**Task requirements:** The answer is a single figure: how many lines below contain the word "фото".
*** Opening Records for this task ***
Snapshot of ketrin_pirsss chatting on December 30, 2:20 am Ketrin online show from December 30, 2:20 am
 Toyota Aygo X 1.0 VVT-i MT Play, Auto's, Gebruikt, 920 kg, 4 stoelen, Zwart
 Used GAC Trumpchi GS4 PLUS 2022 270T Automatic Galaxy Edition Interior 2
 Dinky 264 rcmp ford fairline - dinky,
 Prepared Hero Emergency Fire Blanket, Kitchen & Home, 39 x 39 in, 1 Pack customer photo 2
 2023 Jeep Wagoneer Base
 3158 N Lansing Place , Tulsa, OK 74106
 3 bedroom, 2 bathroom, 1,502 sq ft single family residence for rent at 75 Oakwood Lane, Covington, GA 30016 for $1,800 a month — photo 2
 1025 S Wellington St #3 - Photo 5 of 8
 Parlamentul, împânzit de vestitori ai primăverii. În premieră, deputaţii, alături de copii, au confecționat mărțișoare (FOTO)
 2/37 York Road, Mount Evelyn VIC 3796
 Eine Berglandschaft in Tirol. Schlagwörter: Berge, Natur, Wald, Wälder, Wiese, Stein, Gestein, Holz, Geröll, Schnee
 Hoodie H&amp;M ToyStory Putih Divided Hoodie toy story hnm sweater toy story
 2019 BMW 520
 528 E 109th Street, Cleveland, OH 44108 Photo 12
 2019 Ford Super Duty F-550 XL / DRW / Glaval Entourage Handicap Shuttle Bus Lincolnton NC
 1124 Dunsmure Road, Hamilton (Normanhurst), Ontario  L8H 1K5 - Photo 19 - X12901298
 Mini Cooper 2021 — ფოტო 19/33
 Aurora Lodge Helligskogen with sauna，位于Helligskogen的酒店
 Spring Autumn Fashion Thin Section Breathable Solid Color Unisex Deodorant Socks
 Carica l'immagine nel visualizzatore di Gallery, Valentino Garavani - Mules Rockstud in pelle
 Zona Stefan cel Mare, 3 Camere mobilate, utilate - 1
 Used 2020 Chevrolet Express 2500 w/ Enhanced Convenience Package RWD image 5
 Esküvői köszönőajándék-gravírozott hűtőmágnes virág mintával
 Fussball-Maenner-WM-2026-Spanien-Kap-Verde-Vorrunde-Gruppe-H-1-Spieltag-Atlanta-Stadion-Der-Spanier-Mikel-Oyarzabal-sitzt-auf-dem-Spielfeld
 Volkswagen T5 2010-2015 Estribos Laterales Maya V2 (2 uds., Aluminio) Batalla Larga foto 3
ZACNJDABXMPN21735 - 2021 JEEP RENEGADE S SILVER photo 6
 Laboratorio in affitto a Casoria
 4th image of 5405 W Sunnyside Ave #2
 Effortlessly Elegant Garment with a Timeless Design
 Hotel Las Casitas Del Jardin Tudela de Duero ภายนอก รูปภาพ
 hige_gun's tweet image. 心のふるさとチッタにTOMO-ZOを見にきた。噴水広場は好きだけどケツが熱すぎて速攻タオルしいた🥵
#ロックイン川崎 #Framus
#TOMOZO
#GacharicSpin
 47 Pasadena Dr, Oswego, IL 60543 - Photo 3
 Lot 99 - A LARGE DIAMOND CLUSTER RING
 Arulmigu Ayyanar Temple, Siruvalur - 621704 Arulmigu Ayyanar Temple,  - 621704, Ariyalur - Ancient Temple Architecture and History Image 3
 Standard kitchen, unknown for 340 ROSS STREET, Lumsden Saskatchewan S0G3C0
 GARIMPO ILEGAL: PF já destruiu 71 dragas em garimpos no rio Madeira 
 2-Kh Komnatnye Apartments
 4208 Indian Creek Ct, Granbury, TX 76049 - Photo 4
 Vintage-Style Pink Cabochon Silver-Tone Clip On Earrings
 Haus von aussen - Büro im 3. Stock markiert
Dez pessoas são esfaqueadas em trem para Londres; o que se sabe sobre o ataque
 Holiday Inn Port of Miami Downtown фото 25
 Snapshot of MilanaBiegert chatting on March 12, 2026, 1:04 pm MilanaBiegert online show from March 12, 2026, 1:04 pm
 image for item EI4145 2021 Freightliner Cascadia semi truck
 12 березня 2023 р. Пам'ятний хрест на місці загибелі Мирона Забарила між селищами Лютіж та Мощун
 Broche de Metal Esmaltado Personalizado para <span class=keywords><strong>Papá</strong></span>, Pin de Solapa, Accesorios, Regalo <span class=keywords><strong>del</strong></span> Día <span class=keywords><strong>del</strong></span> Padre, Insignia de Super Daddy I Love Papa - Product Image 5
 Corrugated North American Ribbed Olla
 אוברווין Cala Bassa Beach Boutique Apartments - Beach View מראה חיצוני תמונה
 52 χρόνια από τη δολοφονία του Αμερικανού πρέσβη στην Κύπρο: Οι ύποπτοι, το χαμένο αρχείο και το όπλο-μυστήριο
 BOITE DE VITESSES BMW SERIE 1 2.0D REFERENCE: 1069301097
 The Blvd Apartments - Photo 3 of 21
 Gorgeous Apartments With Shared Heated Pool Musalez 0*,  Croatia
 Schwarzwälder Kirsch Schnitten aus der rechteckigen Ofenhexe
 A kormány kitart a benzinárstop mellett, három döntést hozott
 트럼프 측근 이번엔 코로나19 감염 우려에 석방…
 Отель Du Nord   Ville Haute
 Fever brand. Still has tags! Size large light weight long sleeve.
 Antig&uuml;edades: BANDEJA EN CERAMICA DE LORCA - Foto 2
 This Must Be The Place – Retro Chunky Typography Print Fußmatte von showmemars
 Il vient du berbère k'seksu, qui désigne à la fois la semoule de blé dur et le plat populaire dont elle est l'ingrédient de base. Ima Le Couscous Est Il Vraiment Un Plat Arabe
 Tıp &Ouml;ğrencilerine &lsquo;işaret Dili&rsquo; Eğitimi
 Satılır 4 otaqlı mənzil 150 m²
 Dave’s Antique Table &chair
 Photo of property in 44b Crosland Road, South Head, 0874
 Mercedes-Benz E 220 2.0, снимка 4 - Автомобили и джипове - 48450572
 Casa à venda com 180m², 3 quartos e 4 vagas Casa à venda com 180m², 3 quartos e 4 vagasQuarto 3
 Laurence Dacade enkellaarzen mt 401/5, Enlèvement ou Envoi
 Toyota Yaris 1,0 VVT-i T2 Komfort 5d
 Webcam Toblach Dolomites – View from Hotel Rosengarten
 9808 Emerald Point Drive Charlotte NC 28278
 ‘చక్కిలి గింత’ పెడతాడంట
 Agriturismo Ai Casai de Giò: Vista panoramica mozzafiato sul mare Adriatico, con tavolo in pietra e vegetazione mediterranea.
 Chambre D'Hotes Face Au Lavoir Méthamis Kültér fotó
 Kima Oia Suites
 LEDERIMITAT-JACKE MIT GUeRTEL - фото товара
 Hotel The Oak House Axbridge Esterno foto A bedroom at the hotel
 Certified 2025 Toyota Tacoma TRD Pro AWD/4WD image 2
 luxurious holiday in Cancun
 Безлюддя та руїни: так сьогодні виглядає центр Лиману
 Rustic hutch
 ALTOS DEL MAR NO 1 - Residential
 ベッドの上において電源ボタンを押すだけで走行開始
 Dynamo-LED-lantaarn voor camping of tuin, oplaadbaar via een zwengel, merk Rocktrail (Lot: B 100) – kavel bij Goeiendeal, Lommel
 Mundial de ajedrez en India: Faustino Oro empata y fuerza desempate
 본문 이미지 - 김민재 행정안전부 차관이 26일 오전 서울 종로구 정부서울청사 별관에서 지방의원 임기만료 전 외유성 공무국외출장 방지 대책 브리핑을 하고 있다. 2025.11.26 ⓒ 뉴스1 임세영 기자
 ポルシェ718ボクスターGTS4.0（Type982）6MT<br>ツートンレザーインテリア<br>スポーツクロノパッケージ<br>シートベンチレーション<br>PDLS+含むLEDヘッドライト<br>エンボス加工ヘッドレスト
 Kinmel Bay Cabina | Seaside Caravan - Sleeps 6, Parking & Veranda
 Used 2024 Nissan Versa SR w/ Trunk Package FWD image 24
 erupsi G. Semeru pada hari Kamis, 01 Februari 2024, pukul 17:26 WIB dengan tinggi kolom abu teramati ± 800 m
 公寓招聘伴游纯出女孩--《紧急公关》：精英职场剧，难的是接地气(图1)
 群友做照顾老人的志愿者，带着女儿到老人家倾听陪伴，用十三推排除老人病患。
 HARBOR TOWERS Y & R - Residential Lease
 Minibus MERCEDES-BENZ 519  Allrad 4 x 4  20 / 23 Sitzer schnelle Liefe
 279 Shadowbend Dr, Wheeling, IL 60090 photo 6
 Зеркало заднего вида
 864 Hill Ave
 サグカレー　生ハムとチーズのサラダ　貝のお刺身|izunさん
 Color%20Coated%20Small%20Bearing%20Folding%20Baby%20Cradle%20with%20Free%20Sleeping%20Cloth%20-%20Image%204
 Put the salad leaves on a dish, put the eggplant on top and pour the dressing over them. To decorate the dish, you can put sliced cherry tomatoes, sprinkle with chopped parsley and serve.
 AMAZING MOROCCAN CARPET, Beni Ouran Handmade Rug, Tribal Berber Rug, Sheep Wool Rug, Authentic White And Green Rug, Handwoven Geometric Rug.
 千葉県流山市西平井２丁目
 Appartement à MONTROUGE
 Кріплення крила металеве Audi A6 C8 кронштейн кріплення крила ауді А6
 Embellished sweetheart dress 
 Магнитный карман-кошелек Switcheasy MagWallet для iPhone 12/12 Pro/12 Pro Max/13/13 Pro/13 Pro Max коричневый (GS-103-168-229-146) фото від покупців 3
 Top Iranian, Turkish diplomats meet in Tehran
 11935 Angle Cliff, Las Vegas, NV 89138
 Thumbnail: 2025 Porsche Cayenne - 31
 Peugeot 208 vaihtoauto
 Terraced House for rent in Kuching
*** Closing Records for this task ***
**Written response:** 3